→ WHAT THE TASK ASKS:
Would you reproduce each line below exactly, leaving every picture out?
-- DATA BLOCK follows --
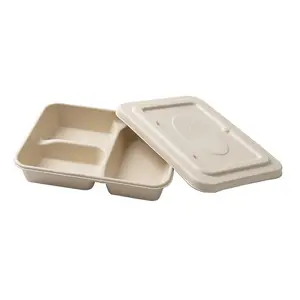 Embalaje Biodegradable de alimentos para llevar comida, caja de almuerzo con 6 compartimentos, bandeja para comida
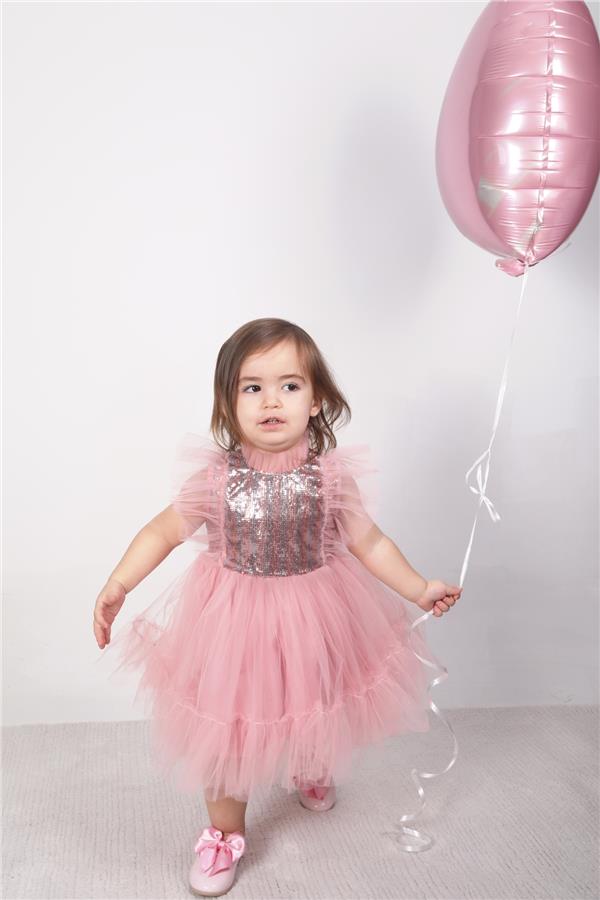 Daniel Kolları Fırfırlı Payetli Kız Çocuk Özel Gün Elbisesi Pembe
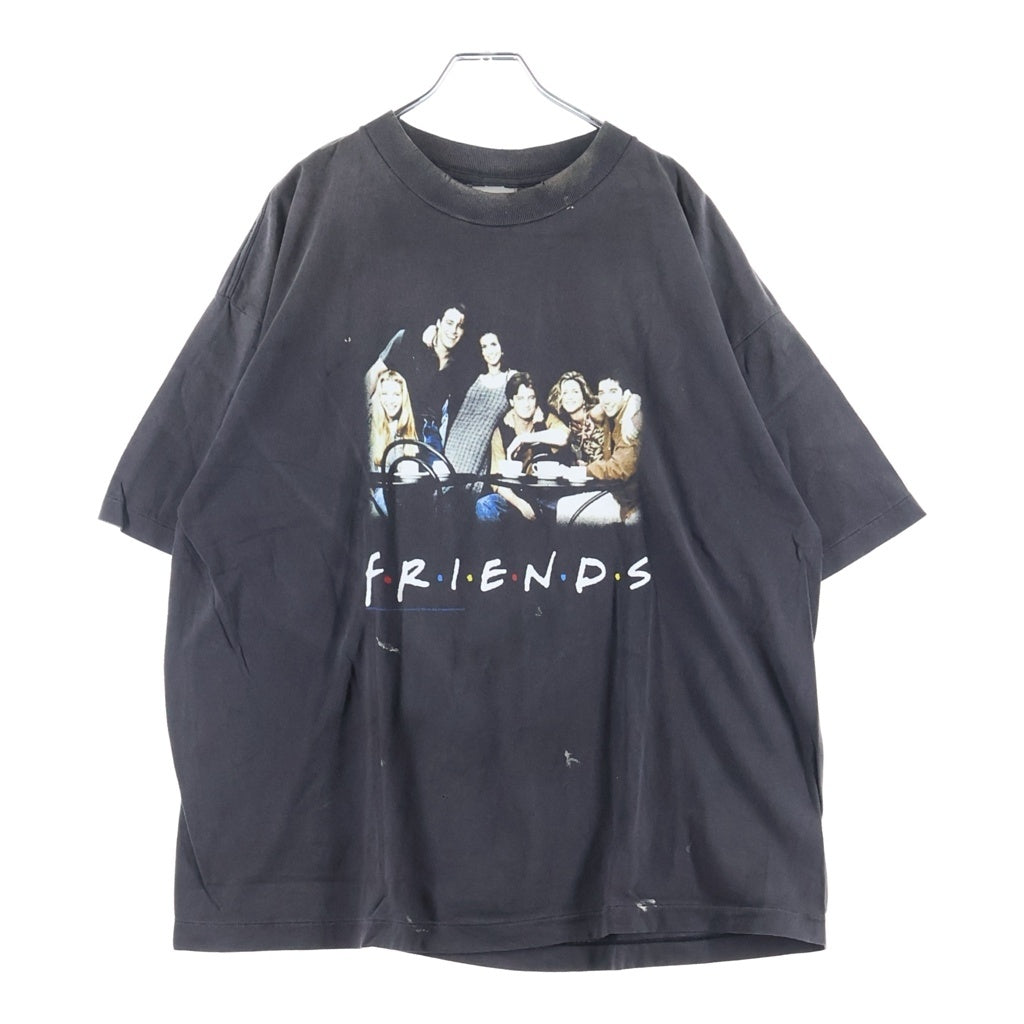 SAINT MICHAEL(セントマイケル) 25SS ×FRIENDS VINTAGE GRAPHIC TEE SM-HR8-0000-C56 ×フレンズ ヴィンテージ加工 グラフィック半袖Tシャツ ブラック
-- DATA BLOCK concluded --
→ ANSWER TO THIS EXERCISE:
 Embalaje Biodegradable de alimentos para llevar comida, caja de almuerzo con 6 compartimentos, bandeja para comida
 Daniel Kolları Fırfırlı Payetli Kız Çocuk Özel Gün Elbisesi Pembe
 SAINT MICHAEL(セントマイケル) 25SS ×FRIENDS VINTAGE GRAPHIC TEE SM-HR8-0000-C56 ×フレンズ ヴィンテージ加工 グラフィック半袖Tシャツ ブラック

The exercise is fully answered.